▸ **Task statement**
Below, find the line containing "For my results" and the line containing "Come up to the"; reproduce exactly those two and every line between them, omitting pictures.

▸ **Input records**
++++++++
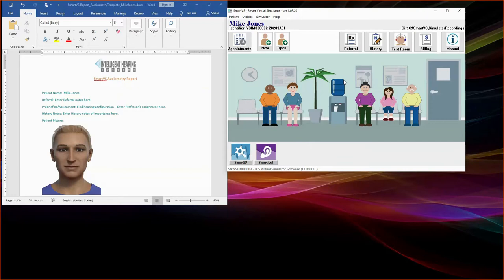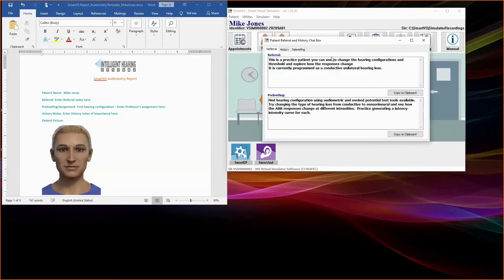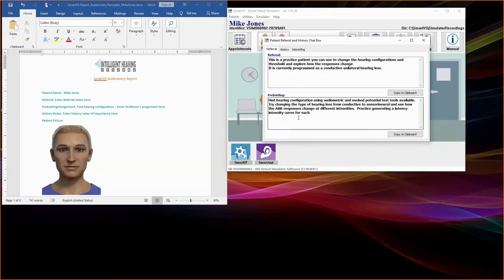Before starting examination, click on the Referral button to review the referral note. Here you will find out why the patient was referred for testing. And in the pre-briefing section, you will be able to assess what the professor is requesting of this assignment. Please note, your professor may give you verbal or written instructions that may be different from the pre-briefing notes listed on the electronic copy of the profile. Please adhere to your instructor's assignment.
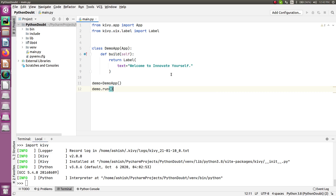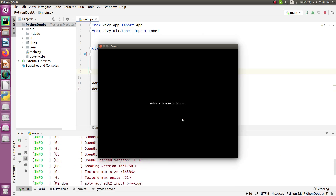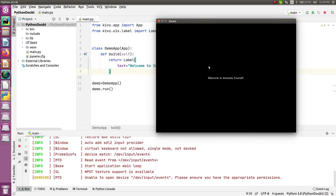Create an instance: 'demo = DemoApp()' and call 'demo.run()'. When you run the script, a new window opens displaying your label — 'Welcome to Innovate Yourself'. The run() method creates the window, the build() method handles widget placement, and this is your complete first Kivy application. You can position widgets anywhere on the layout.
++++++++
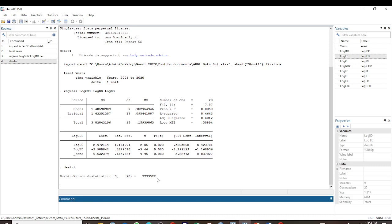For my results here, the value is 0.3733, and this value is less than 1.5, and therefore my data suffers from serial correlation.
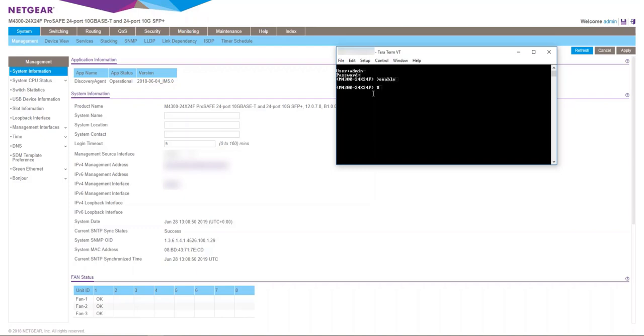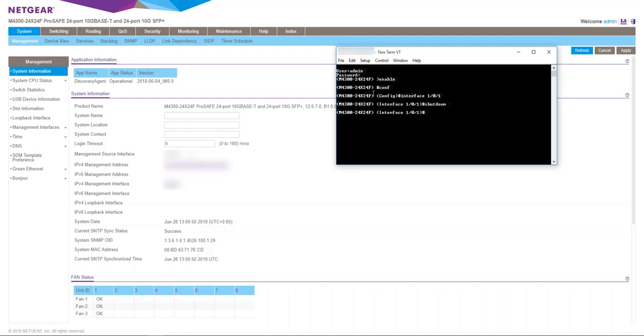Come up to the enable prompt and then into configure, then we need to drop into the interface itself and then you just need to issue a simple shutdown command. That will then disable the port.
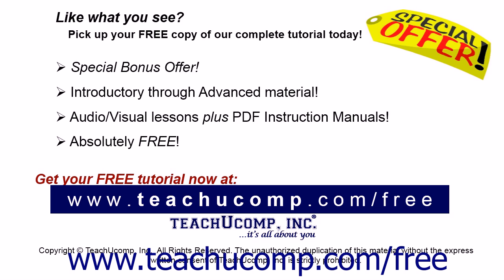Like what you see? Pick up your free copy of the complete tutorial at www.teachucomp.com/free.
++++++++
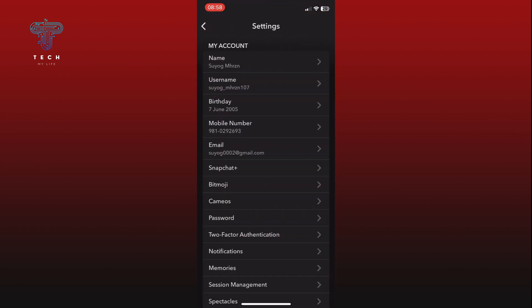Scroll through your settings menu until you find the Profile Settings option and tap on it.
++++++++
▸ **Answer section**
For my results here, the value is 0.3733, and this value is less than 1.5, and therefore my data suffers from serial correlation.
Come up to the enable prompt and then into configure, then we need to drop into the interface itself and then you just need to issue a simple shutdown command. That will then disable the port.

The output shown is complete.